In Columbus, Ohio, on Wednesday (where the U.S. women played their match), 13-year-old Tyre King was shot and killed by police. His death is still under investigation, and we don't know all the details, but his name will forever be mentioned with Michael Brown, John Crawford III, Eric Garner, Rekia Boyd, Laquan McDonald, Walter Scott, Natasha McKenna, Janisha Fonville, Tanisha Anderson, Tamir Rice and so many more as black people who have died at the hands of the police in recent years.
This is what Kaepernick and Rapinoe are fighting against. This is about lives and about emphatically stating that black lives are worth just as much white ones. Instead of criticizing Rapinoe for exercising her right to protest, perhaps we should ask this question: Why she is the only white professional athlete to kneel so far? Because the silence from white athletes is deafening.
The Seattle Seahawks and Kansas City Chiefs players locking arms in unity is the closest a white NFL player has come to joining the protests. But there is no risk or objection in linking arms -- fundamentally, there is no protest, and that is the point. It's a cop-out.
Each time a player of color takes a knee or raises a fist, they put themselves and their livelihoods at risk. Brandon Marshall, a linebacker with the Denver Broncos, lost two endorsements following his kneel before the season opener at Mile High Stadium. Hiding behind linked arms and team statements shields players from backlash -- but also from taking a stance.

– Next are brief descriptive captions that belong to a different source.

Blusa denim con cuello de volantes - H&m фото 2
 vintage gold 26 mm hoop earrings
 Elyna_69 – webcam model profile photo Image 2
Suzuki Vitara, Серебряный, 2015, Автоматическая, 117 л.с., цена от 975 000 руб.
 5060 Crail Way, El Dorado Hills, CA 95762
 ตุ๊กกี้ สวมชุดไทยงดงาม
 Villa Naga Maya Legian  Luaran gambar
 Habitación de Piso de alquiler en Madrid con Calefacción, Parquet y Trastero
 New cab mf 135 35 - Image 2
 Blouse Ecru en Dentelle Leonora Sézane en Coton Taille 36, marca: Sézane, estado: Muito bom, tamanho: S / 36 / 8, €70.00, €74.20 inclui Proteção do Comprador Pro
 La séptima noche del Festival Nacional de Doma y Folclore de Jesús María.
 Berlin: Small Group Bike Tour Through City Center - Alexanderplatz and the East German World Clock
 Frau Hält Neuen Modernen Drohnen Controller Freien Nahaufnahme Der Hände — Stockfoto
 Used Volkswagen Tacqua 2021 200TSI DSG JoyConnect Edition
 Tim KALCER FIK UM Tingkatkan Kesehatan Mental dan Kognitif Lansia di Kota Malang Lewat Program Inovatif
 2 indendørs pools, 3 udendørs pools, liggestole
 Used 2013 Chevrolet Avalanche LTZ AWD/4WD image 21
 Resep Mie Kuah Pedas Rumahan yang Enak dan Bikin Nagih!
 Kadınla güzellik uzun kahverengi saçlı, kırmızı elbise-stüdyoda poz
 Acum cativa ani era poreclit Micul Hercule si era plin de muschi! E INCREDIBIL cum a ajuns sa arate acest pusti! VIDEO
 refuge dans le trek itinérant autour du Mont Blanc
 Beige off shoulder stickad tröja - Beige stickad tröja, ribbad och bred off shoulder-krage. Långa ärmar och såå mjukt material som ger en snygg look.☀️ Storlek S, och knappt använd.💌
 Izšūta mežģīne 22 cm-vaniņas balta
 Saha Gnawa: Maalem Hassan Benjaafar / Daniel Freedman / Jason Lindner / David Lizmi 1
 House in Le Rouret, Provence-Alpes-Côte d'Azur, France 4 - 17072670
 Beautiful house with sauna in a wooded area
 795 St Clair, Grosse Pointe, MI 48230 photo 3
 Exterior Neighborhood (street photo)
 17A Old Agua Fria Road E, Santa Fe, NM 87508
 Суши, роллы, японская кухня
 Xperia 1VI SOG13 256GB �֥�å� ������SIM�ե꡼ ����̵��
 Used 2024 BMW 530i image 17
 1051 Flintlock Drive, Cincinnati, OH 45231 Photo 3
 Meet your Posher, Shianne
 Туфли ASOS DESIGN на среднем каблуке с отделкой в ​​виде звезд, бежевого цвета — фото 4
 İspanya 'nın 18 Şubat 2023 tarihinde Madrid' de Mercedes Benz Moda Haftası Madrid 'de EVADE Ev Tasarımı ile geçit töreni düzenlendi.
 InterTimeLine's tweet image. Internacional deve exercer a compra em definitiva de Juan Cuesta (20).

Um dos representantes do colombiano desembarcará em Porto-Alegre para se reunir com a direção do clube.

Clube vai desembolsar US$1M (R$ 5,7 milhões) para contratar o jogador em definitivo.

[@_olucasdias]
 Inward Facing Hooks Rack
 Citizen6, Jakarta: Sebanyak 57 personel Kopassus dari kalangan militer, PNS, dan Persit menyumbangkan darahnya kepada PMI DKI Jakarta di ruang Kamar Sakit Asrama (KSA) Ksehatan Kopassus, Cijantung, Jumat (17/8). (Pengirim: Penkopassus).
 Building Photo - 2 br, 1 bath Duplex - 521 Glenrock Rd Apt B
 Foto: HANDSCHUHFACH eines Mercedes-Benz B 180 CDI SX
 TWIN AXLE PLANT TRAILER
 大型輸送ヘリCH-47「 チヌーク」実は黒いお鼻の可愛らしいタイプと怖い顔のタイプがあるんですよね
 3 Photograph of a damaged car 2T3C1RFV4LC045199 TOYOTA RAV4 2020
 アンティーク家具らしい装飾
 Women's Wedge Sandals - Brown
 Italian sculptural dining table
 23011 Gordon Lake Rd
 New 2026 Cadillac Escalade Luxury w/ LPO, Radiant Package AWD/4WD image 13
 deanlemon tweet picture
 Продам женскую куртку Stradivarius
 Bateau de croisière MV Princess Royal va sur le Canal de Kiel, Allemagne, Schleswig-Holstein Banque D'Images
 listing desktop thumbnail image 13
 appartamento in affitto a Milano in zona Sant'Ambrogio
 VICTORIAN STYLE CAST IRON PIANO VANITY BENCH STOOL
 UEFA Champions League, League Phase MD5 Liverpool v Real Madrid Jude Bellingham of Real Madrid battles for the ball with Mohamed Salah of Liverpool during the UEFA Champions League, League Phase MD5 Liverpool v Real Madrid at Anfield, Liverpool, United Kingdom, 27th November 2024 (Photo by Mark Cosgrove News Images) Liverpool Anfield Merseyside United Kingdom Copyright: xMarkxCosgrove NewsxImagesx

Compare the linked arms to the actions taken by white members of the WNBA following shootings in Dallas in July. Alongside her Lynx teammates, Lindsay Whalen wore a T-shirt supporting the Black Lives Matter movement and Dallas Police; Sue Bird and Breanna Stewart showed solidarity by also wearing black T-shirts. These players openly raised awareness of police brutality against the black community, much like Rapinoe is doing for Kaepernick now, in the absence of support from his own teammates.
The fact that the examples of support come from women point to the fact that this conversation is rooted in an understanding of marginalization in this country. Many women have experienced discrimination. For Rapinoe, as a member of the LGBT community, it's magnified. Anyone who is not a white, cisgender, heterosexual, Christian, able-bodied man has had to fight for their rights and dignity in this country.
These are hard, uncomfortable conversations. That's why so many are deflecting the issue at hand in their criticism of the protests. Rapinoe will probably be painted as ungrateful, because playing for the national team is a "privilege and an honor," as U.S. Soccer said in a statement afterwards. For Rapinoe, however, it's clear that privilege can and should be risked -- and possibly sacrificed -- for a cause greater than herself.
Rapinoe's choice was one of selflessness, though critics will say she put herself before the team. That is a false dichotomy. The issue of equality and the value placed (or not placed) on the lives of black and brown people transcends sport. And if she is punished for this action, she may well have placed those lives above her own livelihood.
That is the very definition of sacrifice.